Arctic Circle lures me into saying something I probably shouldn’t.

Part of it is about selfies in general and has to do with the idea that a picture of your big fat face is more important than whatever you were trying to tell us about, and aren’t you glad Ansel Adams had other priorities.

Not that selfies are often blocking anything terribly significant.

I was just remarking about someone whom it is exhausting to follow on Facebook because she’s always at some extraordinary event or other, but she is rarely in the shot, unless it’s because she’s on a panel at some prestigious presentation.

But I know what she looks like and I’m more interested at the moment in the latest amazing thing she’s part of.

Maybe I’m missing some point about bonding and friendship and suchlike, but my response to most selfies is, “Yep. That’s what you looked like two days ago and you still look like that.”

(I should add that, while both men and women post selfies, I think women post more, because most men’s selfies are “I grew a mustache!” and “I shaved my mustache!” and, while lunch with friends can happen often, facial hair only grows at a certain rate.)
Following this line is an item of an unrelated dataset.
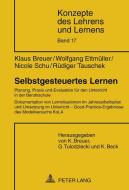 Selbstgesteuertes Lernen di Klaus Breuer, Wolfgang Ettmüller, Nicole Schu, Rüdiger Tauschek edito da Lang, Peter GmbH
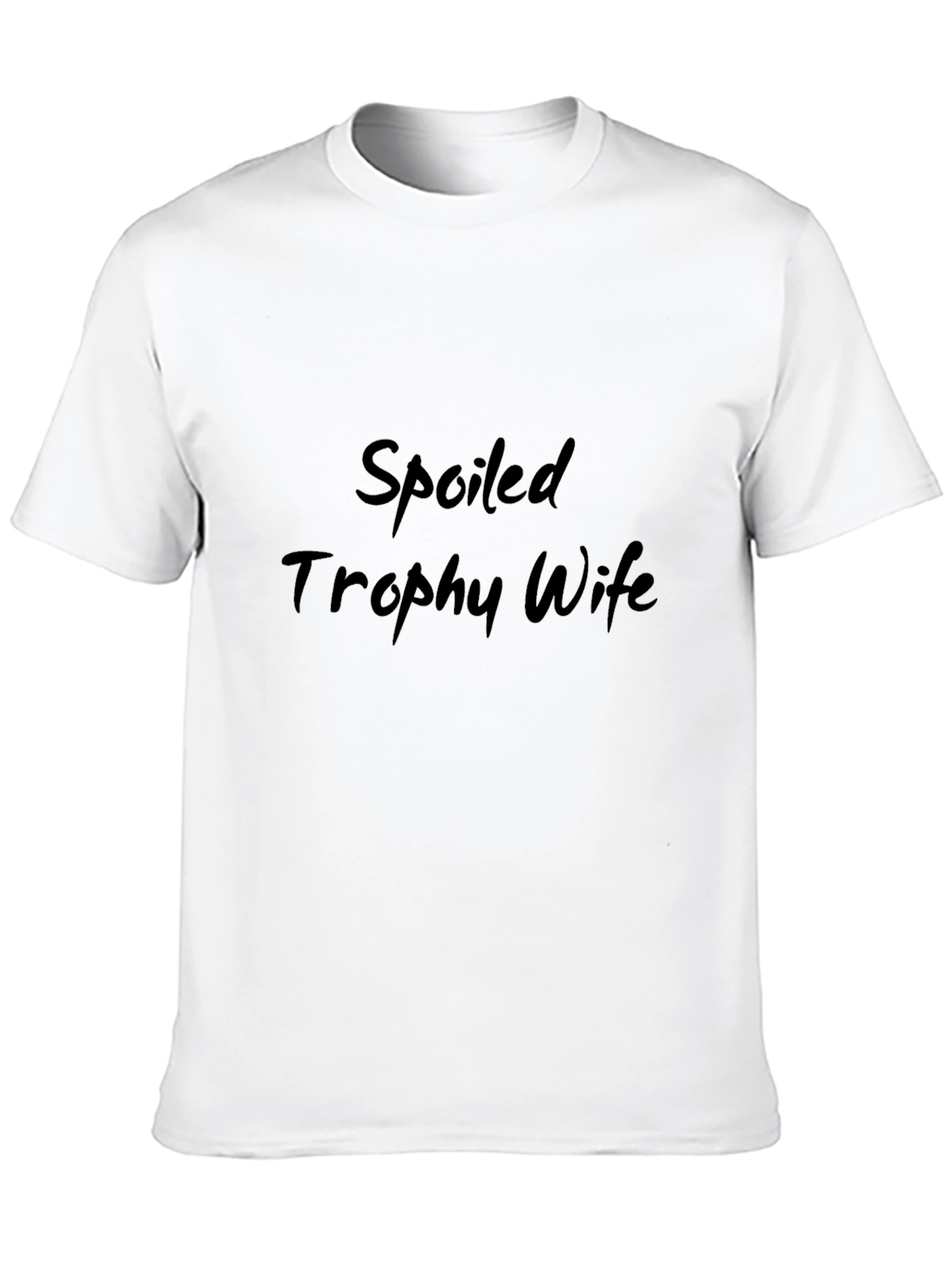 Spoiled Trophy Wife T-Shirt - Novelty Graphic Tee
So let’s go back to Arctic Circle and, specifically, the dialogue.

There is a piece of genuine wisdom that floats around the Internet, which I’m sure you’ve seen: It’s a plea not to tell little girls how beautiful they are, but to find some other way to compliment them, so that they don’t grow up defining themselves by their looks when they could be defining themselves by their talents.
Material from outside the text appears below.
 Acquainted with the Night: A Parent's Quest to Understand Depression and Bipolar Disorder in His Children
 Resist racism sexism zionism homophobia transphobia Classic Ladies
But I swear you could stick a wig on a warthog, shoot a selfie of it, and the comments would include “Beautiful!” and “How lovely!”

Perhaps if the thing of not telling little girls how pretty they are catches on, selfies will fade into historical trivia and we won’t see people’s faces except when they appear on prestigious panels.

 

And speaking of historical trivia, Retail brings up the topic of white elephants.
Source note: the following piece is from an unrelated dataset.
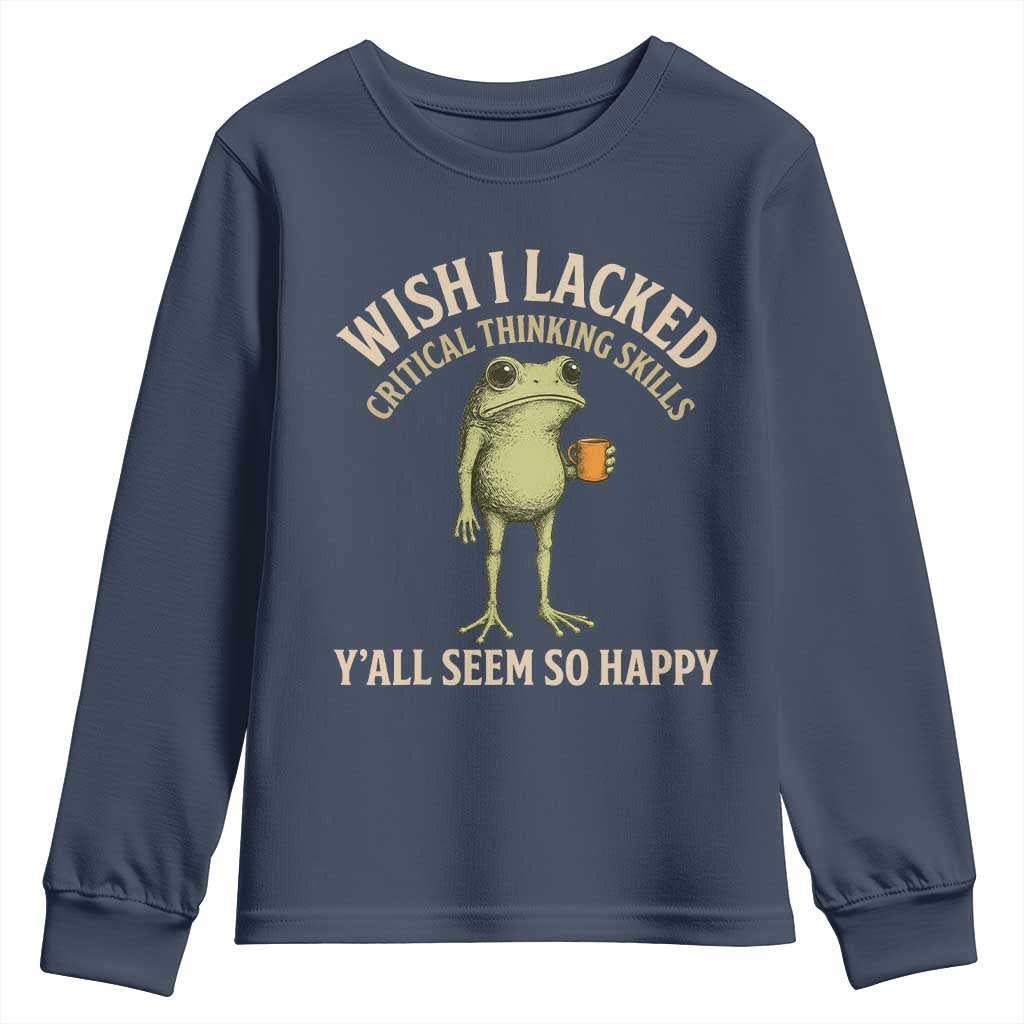 Wish I Lacked Critical Thinking Skills Y'all Seem So Happy Funny Frog Coffee Youth Sweatshirt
And one of my favorite dreams, that of opening the “Non-Custodial Parents’ Gift Shoppe,” which would feature toys that make annoying noises, break into millions of parts or, as in this case, simply take up a whole lot of room for no particular benefit.

An albino elephant was, in Southeast Asia, considered a sign of godly favor, but one you might not want:

Because the animals were considered sacred and laws protected them from labor, receiving a gift of a white elephant from a monarch was simultaneously a blessing and a curse. It was a blessing because the animal was sacred and a sign of the monarch’s favour, and a curse because the recipient now had an expensive-to-maintain animal he could not give away and could not put to much practical use.

Which pretty much sums up the impact of giving a child one of those over-sized stuffed toys: It will amuse the kid for a day or maybe three, but, unlike other forgotten toys, you can’t sneak this one out to the thrift shop without its absence being noted.

Perfect for the Non-Custodial Parents’ Gift Shoppe.

And you could give a huge pink Valentine’s Day bear to your girlfriend but she would have no problem discarding both of you in a very short time.

 

Which brings us to Reality Check and dating sites.

It’s been a decade or two since I ventured onto one of these places but I see nothing has changed.

I think most of these disconnects are people fooling themselves rather than trying to fool you. I had a friend who took a chance on an older man because, like her, he enjoyed working out and running and so forth, but when they met in three-dimensions it turned out that he had enjoyed those things when he was her age and couldn’t possibly keep up at his age.

I do know some couples who met on line, but I don’t think they met through dating sites. They met through intelligent discussions of things they cared about.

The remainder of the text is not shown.